# Mike and Steve's B-Day Monrovia Brewery Ride Sat Nov 16th 6:00pm



## fordmike65 (Nov 5, 2019)

It's our B-days this month and what better way to celebrate than riding bikes with our buds to all the local breweries! We meet up at Overtown Brewery at 6:00 for a cold delicious beer, then ride down to Pacific Plate just a couple miles South. Back up North a bit right by the Monrovia Goldline Station to Hop Secret. Depending on the group consensus, we either ride a couple more miles to Mt. Lowe for another...or we can jump on the Goldline and get off in Arcadia just a couple blocks from the brewery. Then back East to Monrovia where we cap off the night in Old Town for dinner & drinks.  @Vintage Paintworx  & I did this very ride a couple months ago & had a great time.

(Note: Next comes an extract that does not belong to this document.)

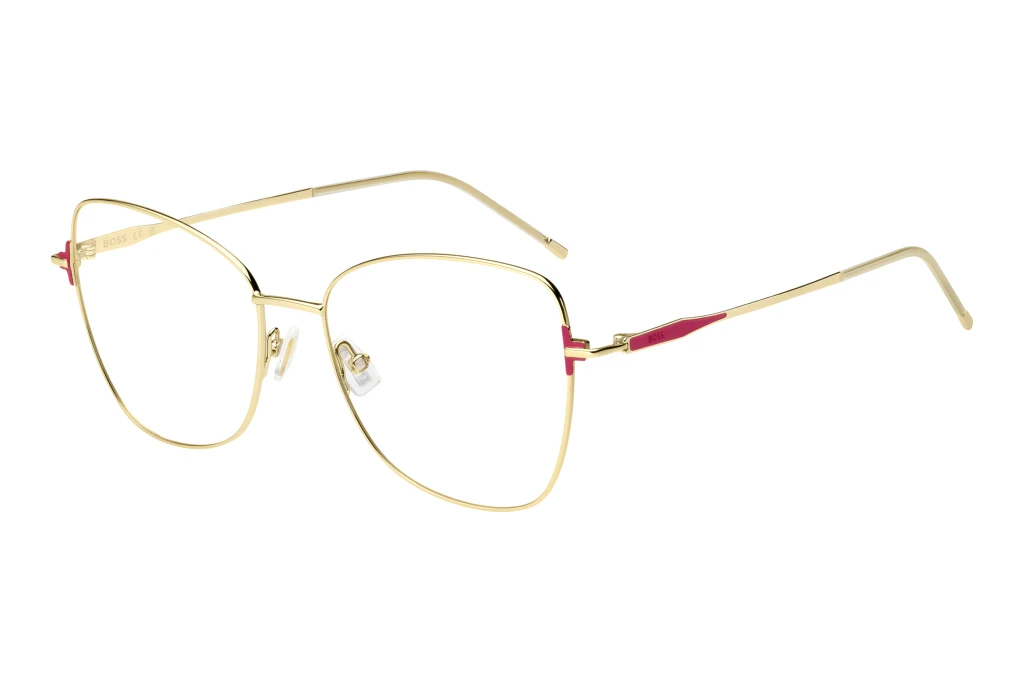 Boss   BOSS 1789 Y11 GOLD RED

Hope you can make it!









						What bike did you ride today? | General Discussion About Old Bicycles
					

Great photos of some lovely machines! I like your red & white bike.




					thecabe.com
				




@Over Town Brewing Co.
@Velocipedist Co.
@cyclonecoaster.com
@lulu
@rustjunkie
@Vintage Paintworx
@39zep


----------



## cyclonecoaster.com (Nov 6, 2019)

*WOW ... 6:00 am is a early start .... 

I know it has to be six at night  ... but it sounds like a good day & a great place to have a cold one on your birthday  .. Ridden not Hidden *


----------



## kreika (Nov 6, 2019)

Wish I could make it. Happy Brewthday!


----------



## Nashman (Nov 6, 2019)

Have one for me at every stop. Happy Birthday, and many more returns!!


----------



## fordmike65 (Nov 6, 2019)

cyclonecoaster.com said:


> *WOW ... 6:00 am is a early start ....  ... sounds like a good day though .. Ridden not Hidden *



6:00 *PM.... *But 6:00am would work...if I didn't have too


----------



## bricycle (Nov 6, 2019)

Hmmmm, Mikes Birthday AGAIN??? kool, you guys have fun. And be safe!!


----------



## mrg (Nov 6, 2019)

What, no Birthday BBQ ride!


----------



## fordmike65 (Nov 12, 2019)

See you there..... Cheers!


----------



## mrg (Nov 12, 2019)

Have fun guys, if it was a day ride I'd be there, oh here's Mike ( on the left ) a few Bdays ago and don't want to give away the other guy but think you know who!


----------



## fordmike65 (Nov 15, 2019)

@Velocipedist Co.


----------



## tripple3 (Nov 16, 2019)

Hey now; Happy birthday Mike & Steve!
Your Event is a "Sticky"!
I am pretty sure this will go way past my bed-time.
Have Fun!


----------



## fordmike65 (Nov 16, 2019)

Brewery hopper ready for tonight


----------



## fordmike65 (Nov 16, 2019)

I should add that hills will be VERY minimal on this ride. If we end up taking the Goldline from Monrovia to Arcadia, there will be NO hills. See you there...


----------



## fordmike65 (Nov 16, 2019)

1st stop...Overtown


----------



## fordmike65 (Nov 16, 2019)

2nd....Pacific Plate


----------



## Blue klunker 5 (Nov 16, 2019)

mrg said:


> Have fun guys, if it was a day ride I'd be there, oh here's Mike ( on the left ) a few Bdays ago and don't want to give away the other guy but think you know who!
> View attachment 1095294



I’m Johnny Strabler and I have the trophy!


----------



## Blue klunker 5 (Nov 16, 2019)

kreika said:


> Wish I could make it. Happy Brewthday!



Puts kreika


----------



## Blue klunker 5 (Nov 16, 2019)

Blue klunker 5 said:


> Puts kreika



Odd name.


----------



## fordmike65 (Nov 17, 2019)

Hop Secret closed early...so Goldline to Mt.Lowe it is...


----------



## fordmike65 (Nov 17, 2019)

Capped off the night at First Cabin with a couple Jack & Cokes. Good times...


----------



## Velocipedist Co. (Nov 18, 2019)




----------



## Velocipedist Co. (Nov 18, 2019)

Late post.. sorry.  Great weekend riding bikes, celebrating birthdays, drinking soda pops, staying out late.  Thanks for the awesome ride!


----------



## mrg (Nov 18, 2019)

Looks like a fun birthday guys!, Mike then & now


----------



## kreika (Nov 18, 2019)

Blue klunker 5 said:


> Odd name.




I’d prefer poots kreika but whatever.


----------